An administration burned by the failure of its executive order on immigration to pass legal muster has held up consideration of its next big effort, which is an order on cyber-security. That executive order, something each administration has issued since the George W. Bush presidency, was withheld without explanation on the day it was supposed to be signed.
A look at the original EO as obtained by the Washington Post and the subsequent revision as obtained by Lawfare show substantial differences. The latest version, which is still a draft, shows two things, one is a wish list from lots of people, and the other which is a more thoughtful approach by someone with actual cyber-security expertise.
The speculation as to why the order was suddenly pulled revolves around a president who was reportedly angry that the immigration order wasn’t well crafted and who wanted to make sure this one was done right.
The new version of the EO does several important things. First, it makes clear that each agency head and each department secretary has the ultimate accountability for cyber-security. This appears to be done to prevent those heads from passing the buck to their subordinates instead of retaining it in their own hands.

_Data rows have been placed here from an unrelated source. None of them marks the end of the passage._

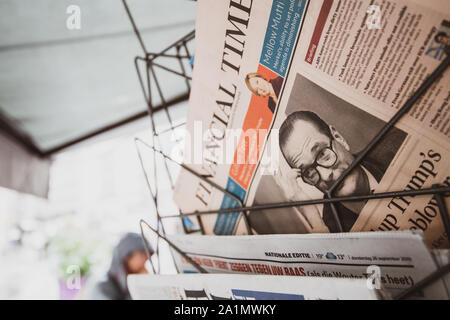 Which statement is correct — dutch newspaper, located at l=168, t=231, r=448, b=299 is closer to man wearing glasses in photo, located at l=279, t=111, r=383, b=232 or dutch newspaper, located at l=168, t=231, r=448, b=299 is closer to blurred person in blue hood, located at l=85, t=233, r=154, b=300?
man wearing glasses in photo, located at l=279, t=111, r=383, b=232

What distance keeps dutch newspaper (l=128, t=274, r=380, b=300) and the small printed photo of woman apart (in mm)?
164

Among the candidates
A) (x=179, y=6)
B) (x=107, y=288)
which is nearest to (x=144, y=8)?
(x=179, y=6)

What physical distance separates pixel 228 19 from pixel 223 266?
265 mm

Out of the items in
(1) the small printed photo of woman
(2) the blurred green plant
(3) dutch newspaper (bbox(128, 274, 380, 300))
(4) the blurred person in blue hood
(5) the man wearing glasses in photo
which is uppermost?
(2) the blurred green plant

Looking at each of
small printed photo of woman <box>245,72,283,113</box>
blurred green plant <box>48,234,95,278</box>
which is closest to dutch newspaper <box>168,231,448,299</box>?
small printed photo of woman <box>245,72,283,113</box>

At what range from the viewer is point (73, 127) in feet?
3.15

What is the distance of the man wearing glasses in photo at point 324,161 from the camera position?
0.83 ft

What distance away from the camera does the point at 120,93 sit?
0.83m

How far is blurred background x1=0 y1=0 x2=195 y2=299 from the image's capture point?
0.55 m

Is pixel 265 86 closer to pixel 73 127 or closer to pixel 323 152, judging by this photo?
pixel 323 152

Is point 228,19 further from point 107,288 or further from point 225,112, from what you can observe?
point 107,288

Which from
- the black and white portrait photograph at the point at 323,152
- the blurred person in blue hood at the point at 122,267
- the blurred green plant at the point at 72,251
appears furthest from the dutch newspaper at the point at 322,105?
the blurred green plant at the point at 72,251

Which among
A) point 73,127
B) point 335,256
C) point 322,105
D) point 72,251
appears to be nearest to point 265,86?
point 322,105

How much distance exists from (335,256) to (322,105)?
0.44 feet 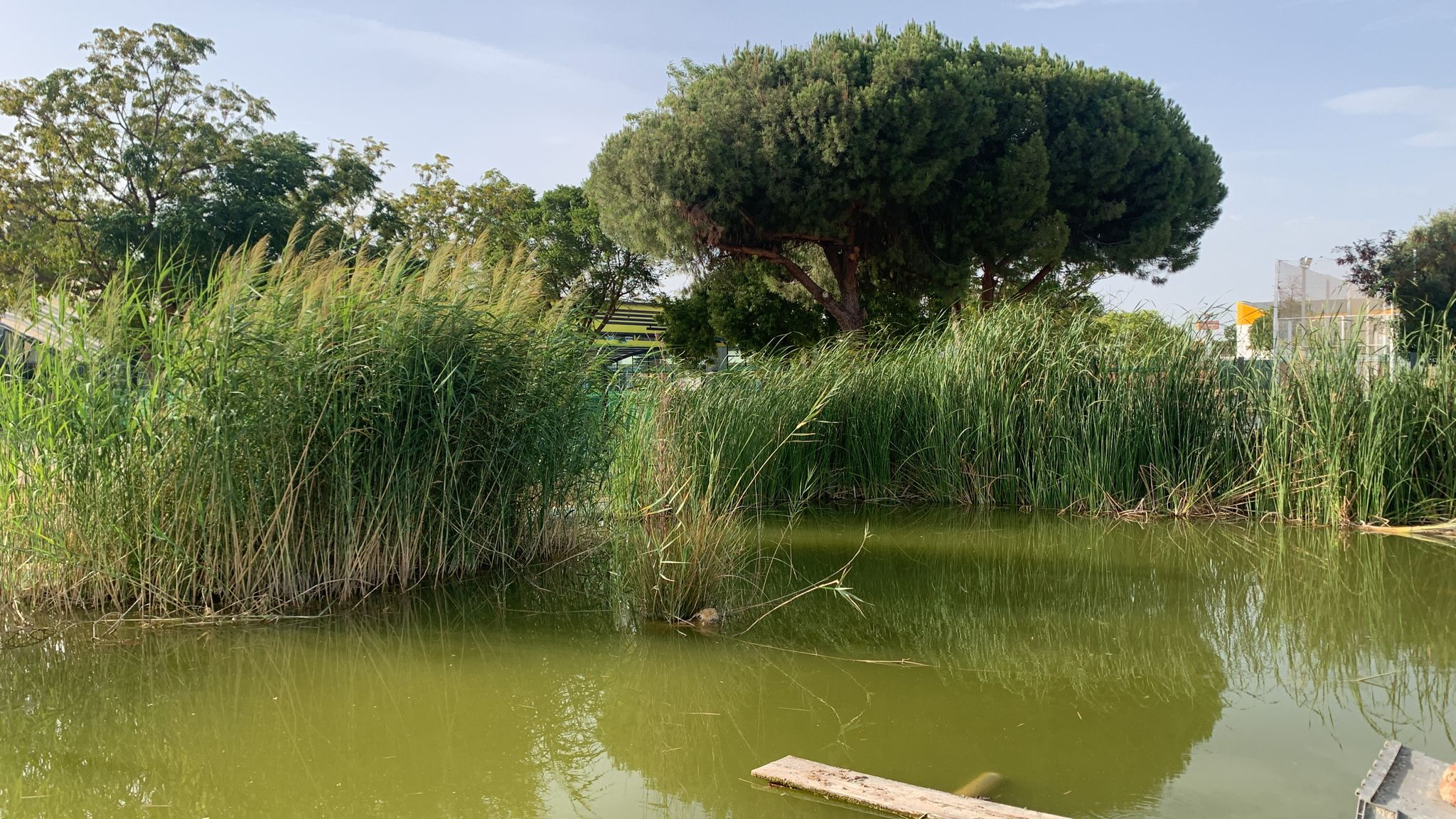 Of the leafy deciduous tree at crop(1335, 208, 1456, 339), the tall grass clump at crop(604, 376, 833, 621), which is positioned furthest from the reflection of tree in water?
the leafy deciduous tree at crop(1335, 208, 1456, 339)

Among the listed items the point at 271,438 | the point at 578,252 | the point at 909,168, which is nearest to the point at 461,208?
the point at 578,252

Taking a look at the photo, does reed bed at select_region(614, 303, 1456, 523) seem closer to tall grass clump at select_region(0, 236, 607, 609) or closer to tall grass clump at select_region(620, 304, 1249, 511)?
tall grass clump at select_region(620, 304, 1249, 511)

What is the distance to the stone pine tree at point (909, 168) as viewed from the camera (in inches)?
606

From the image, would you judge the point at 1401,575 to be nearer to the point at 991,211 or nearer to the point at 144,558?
the point at 144,558

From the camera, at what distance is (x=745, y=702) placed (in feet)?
12.8

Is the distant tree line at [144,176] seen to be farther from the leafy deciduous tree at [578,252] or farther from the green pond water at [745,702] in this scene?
the green pond water at [745,702]

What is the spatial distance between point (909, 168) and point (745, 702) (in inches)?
500

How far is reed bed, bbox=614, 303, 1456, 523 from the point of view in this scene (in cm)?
759

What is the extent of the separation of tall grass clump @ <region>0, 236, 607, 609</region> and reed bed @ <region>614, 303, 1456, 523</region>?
1212 mm

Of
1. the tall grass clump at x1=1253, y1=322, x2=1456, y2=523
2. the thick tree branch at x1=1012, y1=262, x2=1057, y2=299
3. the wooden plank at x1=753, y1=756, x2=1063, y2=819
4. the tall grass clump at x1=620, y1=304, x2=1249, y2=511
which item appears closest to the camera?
the wooden plank at x1=753, y1=756, x2=1063, y2=819

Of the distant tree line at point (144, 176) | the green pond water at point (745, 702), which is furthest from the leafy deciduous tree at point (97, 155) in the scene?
the green pond water at point (745, 702)

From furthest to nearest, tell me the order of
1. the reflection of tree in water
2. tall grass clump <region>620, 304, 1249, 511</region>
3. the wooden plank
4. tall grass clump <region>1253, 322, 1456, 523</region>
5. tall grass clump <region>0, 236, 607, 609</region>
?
1. tall grass clump <region>620, 304, 1249, 511</region>
2. tall grass clump <region>1253, 322, 1456, 523</region>
3. tall grass clump <region>0, 236, 607, 609</region>
4. the reflection of tree in water
5. the wooden plank

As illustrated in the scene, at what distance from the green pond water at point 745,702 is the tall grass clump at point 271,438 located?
1.21 ft

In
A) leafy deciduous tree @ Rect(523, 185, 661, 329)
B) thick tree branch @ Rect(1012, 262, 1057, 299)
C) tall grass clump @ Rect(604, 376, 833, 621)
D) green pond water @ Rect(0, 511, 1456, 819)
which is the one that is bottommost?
green pond water @ Rect(0, 511, 1456, 819)
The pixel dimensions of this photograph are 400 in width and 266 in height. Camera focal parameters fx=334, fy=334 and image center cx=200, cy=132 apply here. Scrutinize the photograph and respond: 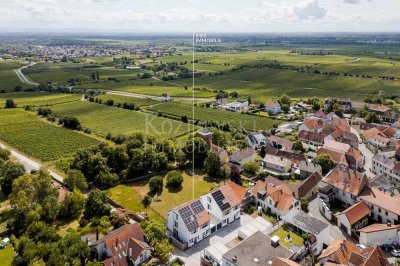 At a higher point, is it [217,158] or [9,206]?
[217,158]

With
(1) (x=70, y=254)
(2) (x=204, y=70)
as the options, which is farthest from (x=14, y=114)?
(2) (x=204, y=70)

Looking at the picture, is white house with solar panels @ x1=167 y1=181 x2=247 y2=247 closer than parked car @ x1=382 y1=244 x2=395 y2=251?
No

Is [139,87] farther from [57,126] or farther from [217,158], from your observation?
[217,158]

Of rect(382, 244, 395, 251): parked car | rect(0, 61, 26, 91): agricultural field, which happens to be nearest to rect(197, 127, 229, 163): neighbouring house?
rect(382, 244, 395, 251): parked car

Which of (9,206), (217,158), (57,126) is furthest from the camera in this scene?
(57,126)

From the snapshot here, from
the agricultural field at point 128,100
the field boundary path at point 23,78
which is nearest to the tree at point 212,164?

The new EO also speaks clearly about the need to modernize the U.S. government’s antiquated data systems, to keep software and systems updated and to make sure the latest security practices are followed. The order also requires full assessments of government agency’s cyber-security status and to report it to the White House. The Office of Management and Budget would receive the reports and consolidate them for the President.
It’s notable that the revised EO discusses risk management in detail and it discusses the risk of outdated systems. The draft order says, “Known but unmitigated vulnerabilities are among the highest risks faced by executive departments and agencies (agencies). Known vulnerabilities include using operating systems or hardware beyond the vendor’s support lifecycle, declining to implement a vendor’s security patch, or failing to execute security specific configuration guidance.”
The problem with the approach is that it comes from a President who continues to use an older, unsecured, Samsung Galaxy cell phone on a constant basis despite having been provided a secure smartphone like the one used by his predecessor.
Likewise there are reports widely circulating in Washington that the senior White House staff has yet to give up using their personal devices. It’s worth noting that the President’s Android phone is one of those that are vulnerable to being hacked by a single incoming text message.
Still, much of the order argues for a consistently updated federal IT infrastructure, which is something that previous administrations haven’t really tried. But the reason that approach hasn’t been tried is the difficulty in getting Congress to pay for a comprehensive data system update.